INSTRUCTIONS TO FOLLOW> Reproduce the listing below from the line with "Пералня AEG" to the line with "L89499FL 9KG ÖKOMix, снимка", both lines included, character for character, minus any pictures.

RECORDS FOR THIS EXERCISE>
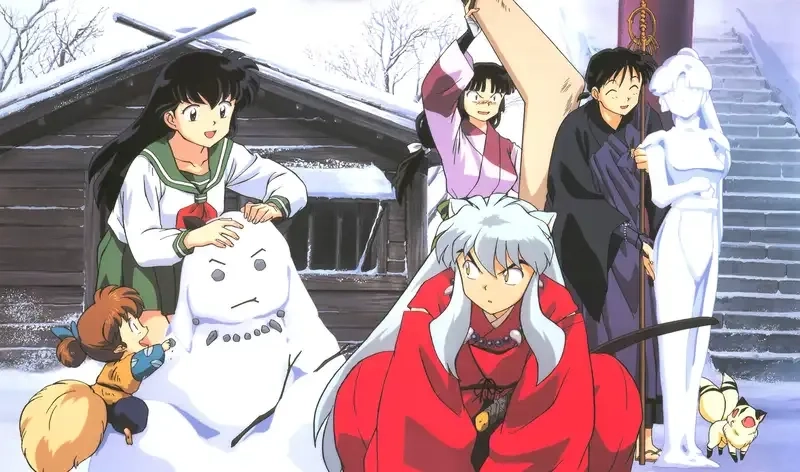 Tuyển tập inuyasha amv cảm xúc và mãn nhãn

* * *

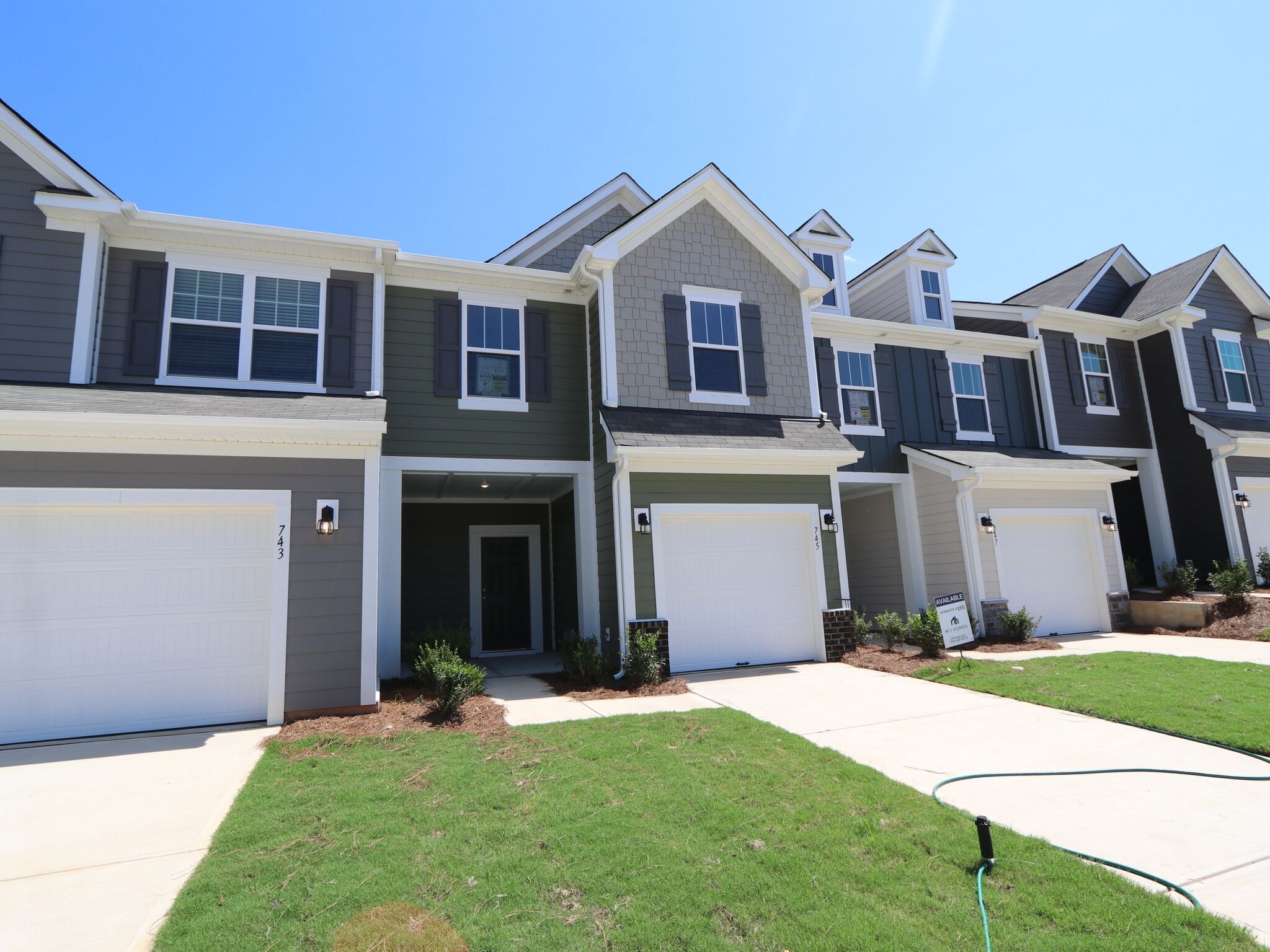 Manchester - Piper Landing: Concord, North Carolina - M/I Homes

==

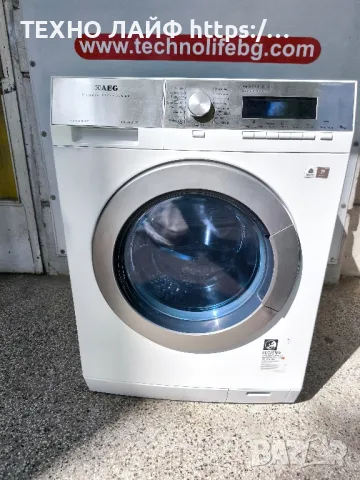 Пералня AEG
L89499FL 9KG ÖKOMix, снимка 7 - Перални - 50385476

TASK RESULT>
 Пералня AEG
L89499FL 9KG ÖKOMix, снимка 7 - Перални - 50385476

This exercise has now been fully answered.